Brief descriptive captions:
┌────────
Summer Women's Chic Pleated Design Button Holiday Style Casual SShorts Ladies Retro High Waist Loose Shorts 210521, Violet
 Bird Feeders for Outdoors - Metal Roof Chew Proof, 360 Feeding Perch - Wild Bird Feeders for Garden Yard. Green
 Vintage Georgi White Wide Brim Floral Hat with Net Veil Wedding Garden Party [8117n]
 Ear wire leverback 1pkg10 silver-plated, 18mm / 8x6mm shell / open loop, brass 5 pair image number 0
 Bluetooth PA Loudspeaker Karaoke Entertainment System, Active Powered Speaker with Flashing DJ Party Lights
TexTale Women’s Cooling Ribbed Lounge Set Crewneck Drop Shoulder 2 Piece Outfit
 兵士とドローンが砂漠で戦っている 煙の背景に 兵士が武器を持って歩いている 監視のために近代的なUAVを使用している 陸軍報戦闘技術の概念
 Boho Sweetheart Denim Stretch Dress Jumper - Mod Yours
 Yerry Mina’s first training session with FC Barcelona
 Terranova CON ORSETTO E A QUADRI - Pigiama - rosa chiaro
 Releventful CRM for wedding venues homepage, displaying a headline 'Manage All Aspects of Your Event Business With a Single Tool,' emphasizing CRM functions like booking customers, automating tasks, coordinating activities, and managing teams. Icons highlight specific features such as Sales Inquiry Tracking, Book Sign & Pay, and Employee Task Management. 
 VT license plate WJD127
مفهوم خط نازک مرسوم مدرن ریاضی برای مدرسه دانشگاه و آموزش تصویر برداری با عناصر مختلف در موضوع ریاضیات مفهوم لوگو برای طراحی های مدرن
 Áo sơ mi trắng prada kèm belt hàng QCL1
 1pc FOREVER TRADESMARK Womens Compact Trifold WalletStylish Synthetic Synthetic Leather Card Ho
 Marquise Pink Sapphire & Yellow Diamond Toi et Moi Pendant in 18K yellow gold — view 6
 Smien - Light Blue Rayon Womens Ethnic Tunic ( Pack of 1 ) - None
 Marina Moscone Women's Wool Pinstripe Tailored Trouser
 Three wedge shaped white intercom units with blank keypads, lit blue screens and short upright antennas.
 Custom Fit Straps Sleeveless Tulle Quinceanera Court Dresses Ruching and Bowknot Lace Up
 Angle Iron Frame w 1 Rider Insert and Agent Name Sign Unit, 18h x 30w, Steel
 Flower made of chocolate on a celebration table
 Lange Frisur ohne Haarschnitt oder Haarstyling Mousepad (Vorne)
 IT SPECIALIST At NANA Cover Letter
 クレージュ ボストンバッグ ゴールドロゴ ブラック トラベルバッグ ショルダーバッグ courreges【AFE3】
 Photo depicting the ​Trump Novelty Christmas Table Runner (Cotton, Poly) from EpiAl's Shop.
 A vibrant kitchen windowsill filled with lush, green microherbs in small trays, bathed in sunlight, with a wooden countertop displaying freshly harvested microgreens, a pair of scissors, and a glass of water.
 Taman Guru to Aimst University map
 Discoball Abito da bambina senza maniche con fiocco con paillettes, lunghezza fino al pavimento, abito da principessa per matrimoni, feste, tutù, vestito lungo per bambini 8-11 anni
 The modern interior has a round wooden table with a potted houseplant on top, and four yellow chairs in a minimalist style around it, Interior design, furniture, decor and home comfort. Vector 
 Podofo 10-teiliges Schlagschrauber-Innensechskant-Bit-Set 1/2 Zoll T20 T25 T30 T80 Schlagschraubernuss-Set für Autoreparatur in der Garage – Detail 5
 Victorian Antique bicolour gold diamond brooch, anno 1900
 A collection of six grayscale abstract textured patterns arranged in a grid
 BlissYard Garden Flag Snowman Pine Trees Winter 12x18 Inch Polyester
└────────
**Description of the task**
The answer should be exactly the lines from the one that contains "The modern interior" through the end of the entries, both ends included, and nothing besides.

**Output of the task**
 The modern interior has a round wooden table with a potted houseplant on top, and four yellow chairs in a minimalist style around it, Interior design, furniture, decor and home comfort. Vector 
 Podofo 10-teiliges Schlagschrauber-Innensechskant-Bit-Set 1/2 Zoll T20 T25 T30 T80 Schlagschraubernuss-Set für Autoreparatur in der Garage – Detail 5
 Victorian Antique bicolour gold diamond brooch, anno 1900
 A collection of six grayscale abstract textured patterns arranged in a grid
 BlissYard Garden Flag Snowman Pine Trees Winter 12x18 Inch Polyester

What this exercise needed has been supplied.